Stored data:
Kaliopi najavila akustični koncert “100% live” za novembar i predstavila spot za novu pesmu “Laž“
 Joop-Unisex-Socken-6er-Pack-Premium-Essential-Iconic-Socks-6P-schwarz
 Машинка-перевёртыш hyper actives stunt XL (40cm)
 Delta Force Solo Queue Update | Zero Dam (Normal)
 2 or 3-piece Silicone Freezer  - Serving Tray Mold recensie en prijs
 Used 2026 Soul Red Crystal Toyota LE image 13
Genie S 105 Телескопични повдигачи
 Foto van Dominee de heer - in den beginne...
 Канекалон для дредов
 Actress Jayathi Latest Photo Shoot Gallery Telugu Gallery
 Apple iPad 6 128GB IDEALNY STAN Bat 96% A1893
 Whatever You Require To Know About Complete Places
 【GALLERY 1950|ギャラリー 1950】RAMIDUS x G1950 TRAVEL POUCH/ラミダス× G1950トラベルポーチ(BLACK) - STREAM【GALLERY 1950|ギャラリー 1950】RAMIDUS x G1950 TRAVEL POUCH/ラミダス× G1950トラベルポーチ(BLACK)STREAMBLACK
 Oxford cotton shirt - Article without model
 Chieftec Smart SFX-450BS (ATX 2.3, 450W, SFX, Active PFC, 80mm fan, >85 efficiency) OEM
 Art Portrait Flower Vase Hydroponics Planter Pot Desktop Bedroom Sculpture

Work item:
Your task is to retype the entries verbatim, starting with the line that holds "Actress Jayathi Latest" and stopping after the line that holds "Oxford cotton shirt - Article without model".

Written answer:
 Actress Jayathi Latest Photo Shoot Gallery Telugu Gallery
 Apple iPad 6 128GB IDEALNY STAN Bat 96% A1893
 Whatever You Require To Know About Complete Places
 【GALLERY 1950|ギャラリー 1950】RAMIDUS x G1950 TRAVEL POUCH/ラミダス× G1950トラベルポーチ(BLACK) - STREAM【GALLERY 1950|ギャラリー 1950】RAMIDUS x G1950 TRAVEL POUCH/ラミダス× G1950トラベルポーチ(BLACK)STREAMBLACK
 Oxford cotton shirt - Article without model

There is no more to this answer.